On the computational side, the projected subgradient method provides an efficient, scalable solver for large finite-horizon problems, enabling deployment in high-dimensional control tasks and longer horizons than generic SDP solvers. Empirically, the gap between practical runtime for the dual method and traditional SDP solvers widens rapidly as problem size increases.

Future Directions

Further avenues include extensions to infinite-horizon settings, partially observed systems, and adaptive estimation of ambiguity set parameters from data with guarantees. Another area is integration with distributional uncertainty quantification methods (e.g., via empirical likelihood or other moment-constrained distributional models), and exploration of additional forms of regularization or ambiguity interpolation (such as Wasserstein or $\phi$ -divergence sets) beyond moment-based frameworks.

Conclusion

This paper establishes a rigorous paradigm for synthesizing finite-horizon, distributionally robust regret-optimal controllers under moment-based ambiguity, characterized by tractable convex reformulation and scalable dual optimization methods.
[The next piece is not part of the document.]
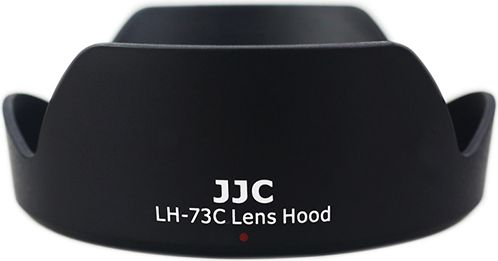 Kapak lenteje JJC LH-73C për fotoaparat Canon Ew-73c, i zi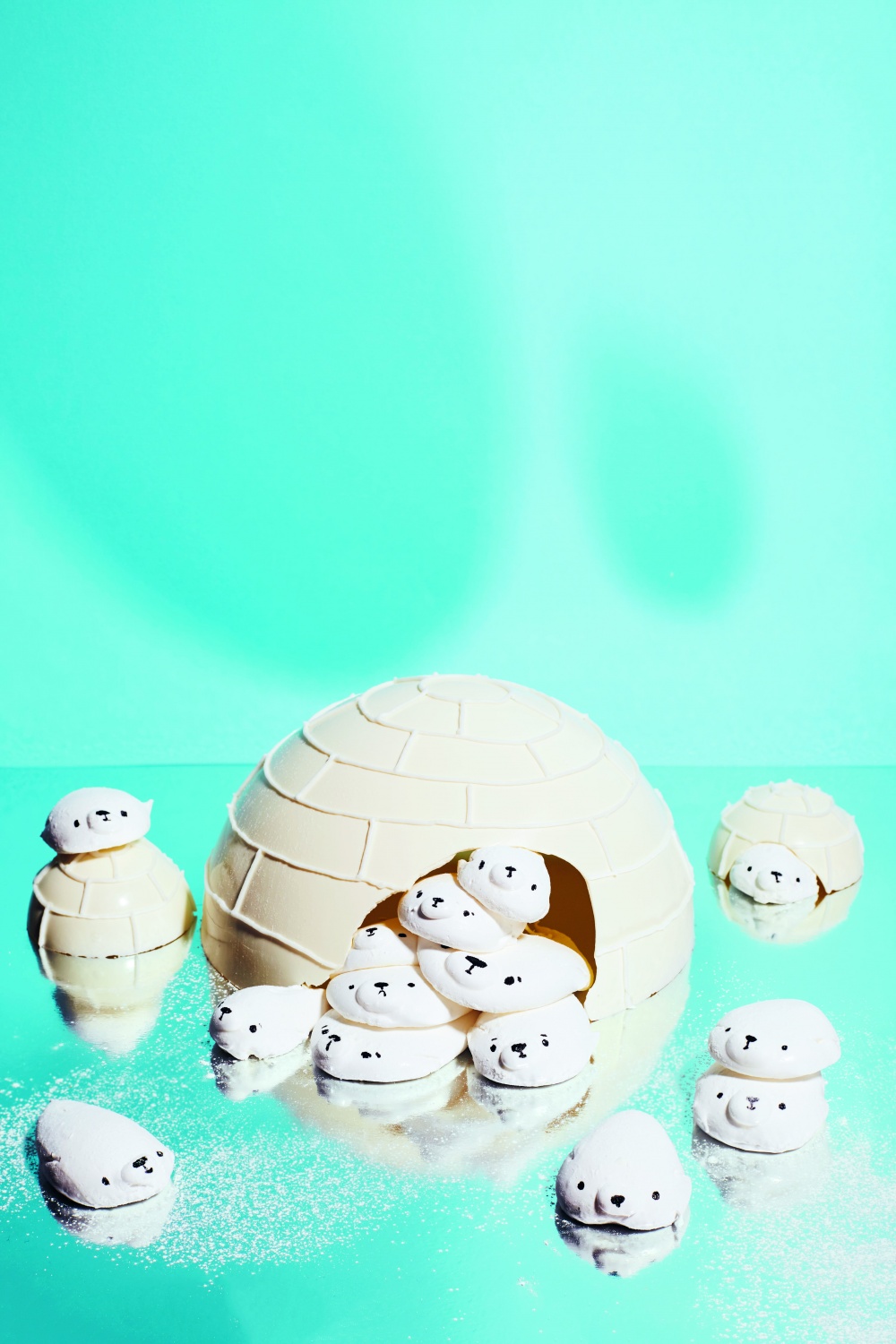Marshmallow Seals Recipe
Compared to state-of-the-art distributionally robust and regret-centric control methods, the proposed framework achieves strong out-of-sample cost and regret performance, particularly in the presence of limited data and distributional uncertainty, with significant implications for data-driven robust control in practical settings.

Reference: "Distributionally Robust Regret Optimal Control Under Moment-Based Ambiguity Sets" (2512.10906)